Hull was three up after nine and made five birdies (to Creamer’s one) in 14 holes. If Creamer looked discombobulated – and her discomfort standing over putts was obvious – it may have been because Hull is reminiscent of Creamer’s teenage self.
Hull was the second player, after Creamer, to play in the Curtis Cup, an amateur team event, one year and the Solheim Cup the next. After Hull secured her second point of the week, her expression did not change. She walked over to Creamer and they hugged. As they left the green,
Hull took out a ball and asked Creamer to autograph it. "I'm still a fan," said Hull, who will try to qualify for the LPGA Tour this year. "And I'm going to give it to my friend, James, because he's a big fan." Hull, who turned professional in March and finished second in her first five events on the Ladies European Tour, is as old school as Ben Crenshaw, who helped design the course that Hull turned into her debutante stage.
'Just hit it'
She did not break into a jig after every birdie, but she did pick up Creamer's ball or marker and hand it to her or her caddie when conceding a putt instead of simply waving her arms or nodding her head as she made her way to the next tee, as the Americans typically did. "This is how I always look at golf," Hull said. "I'm not going to die if I miss it. Just hit it, and find it, and hit it again."
After she was added to the team as a discretionary pick, Hull received a pep talk from Poulter, who advised her: “Be respectful, but ruthless.” In her respectful ruthlessness, Hull epitomised the European team. Whereas the Americans exuded self-belief, the Europeans oozed confidence on the slick, undulating greens, which enabled them to put to use the bump-and-run skills they developed on Europe’s links courses.

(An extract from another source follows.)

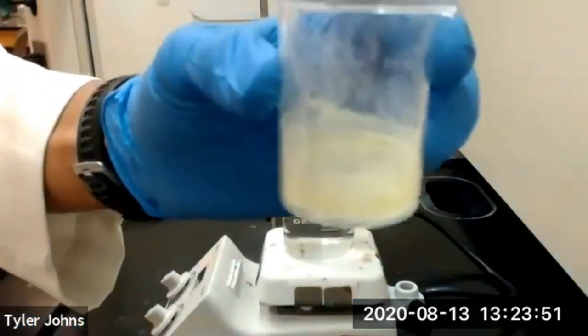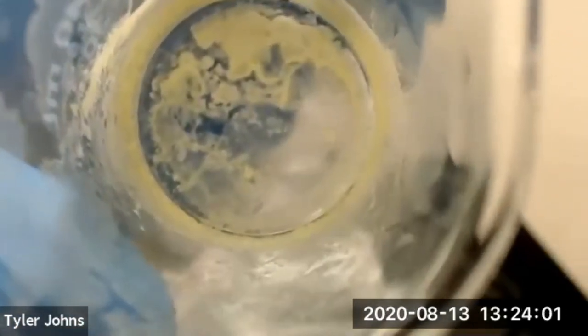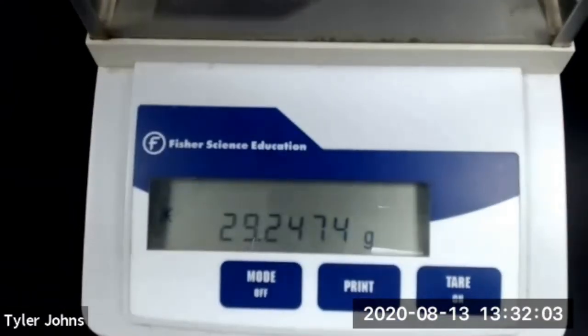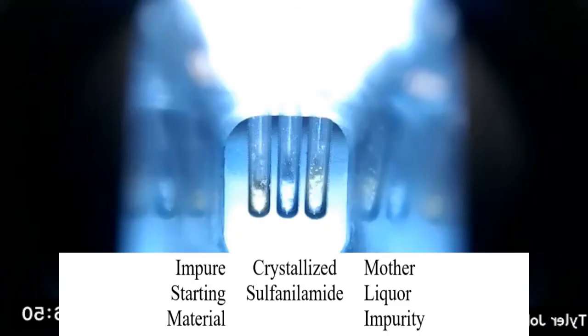We've completely evaporated the 95% ethanol from our pre-weighed 50-milliliter beaker, so we'll now determine the mass of the solid inside. The mass of our pre-weighed beaker plus the solid is 29.2474 grams. The difference between the mass of our pre-weighed beaker and the beaker plus the solid is the mass of our impurity, which is fluoranone. We will now determine the melting points for our impure sulfanilamide starting material, our purified sulfanilamide, and the impurity recovered from the mother liquor.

They made more putts than the Americans and showed more poise, turning a deaf ear to the partisan crowds who cheered their bad shots and a blind eye to the Americans, who wiggled their polished nails in front of their faces after every good result for reasons that the players said would remain in their team room.
Hull, who said cheers, for or against her, had no effect on her "because it's not going to make the ball go in".